§ **Exercise aim**: From the first line to the last, set down the material exactly, leaving out its pictures.

§ **Recorded data**:
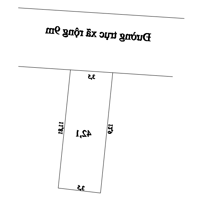 CC bán 42,1m2 sỏ đỏ, mặt trục chính, xã Sơn Đồng-Hoài Đức-HN, giá 4x tỷ.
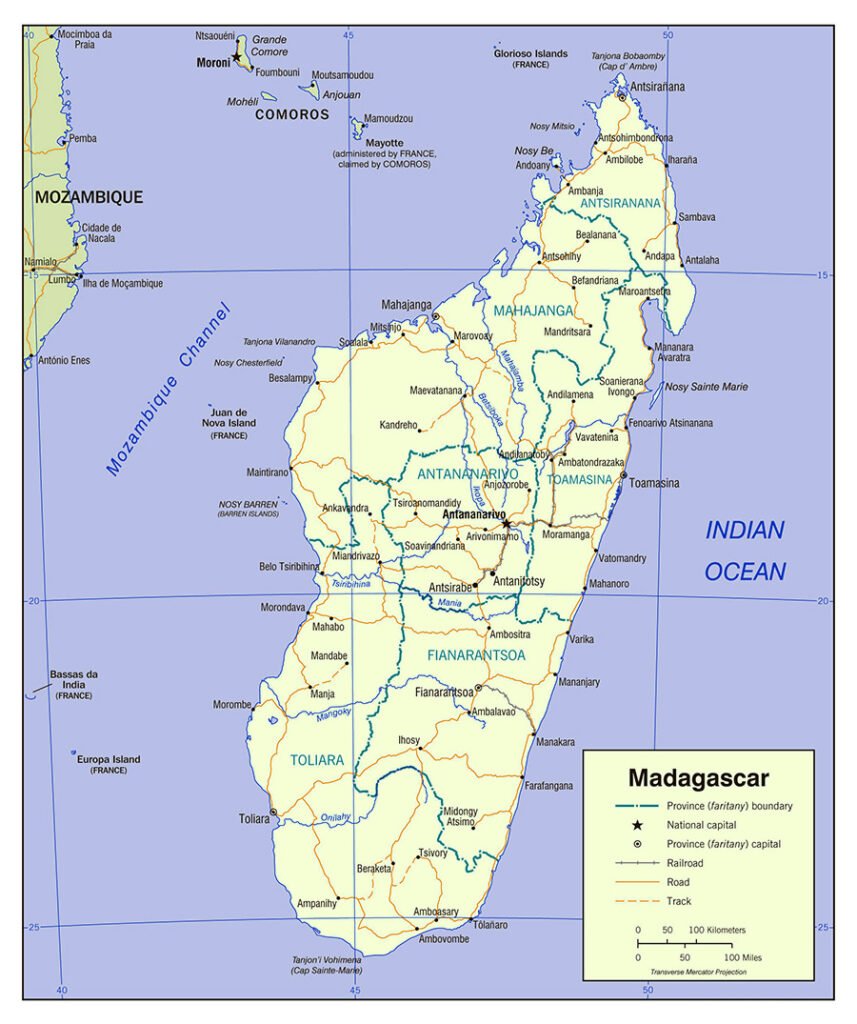 Printable Map of Madagascar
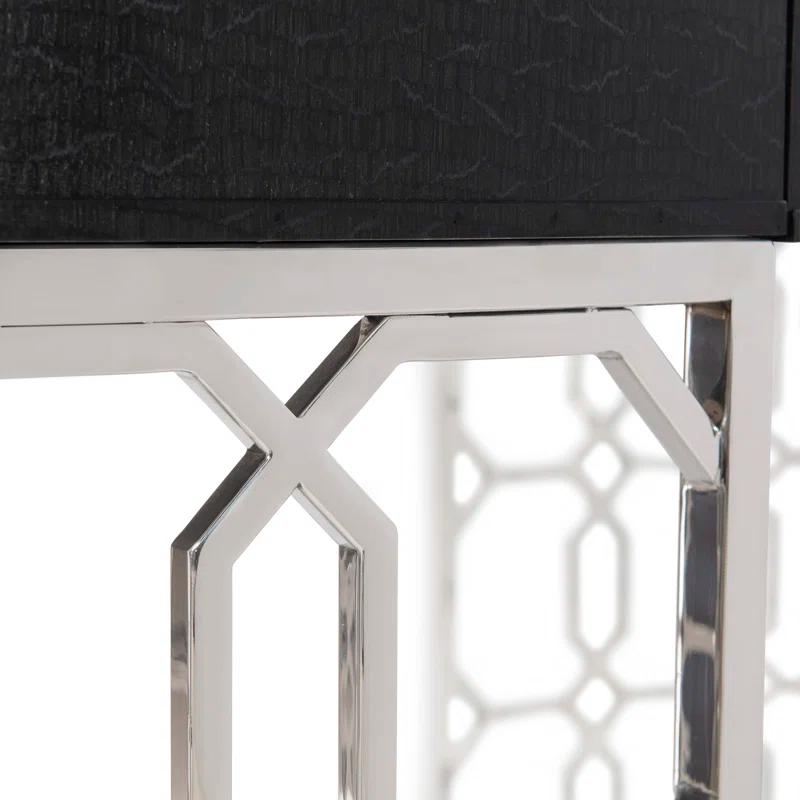 Bernhardt Silhouette Oval Metal Base Writing Desk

§ **Task solution**:
 CC bán 42,1m2 sỏ đỏ, mặt trục chính, xã Sơn Đồng-Hoài Đức-HN, giá 4x tỷ.
 Printable Map of Madagascar
 Bernhardt Silhouette Oval Metal Base Writing Desk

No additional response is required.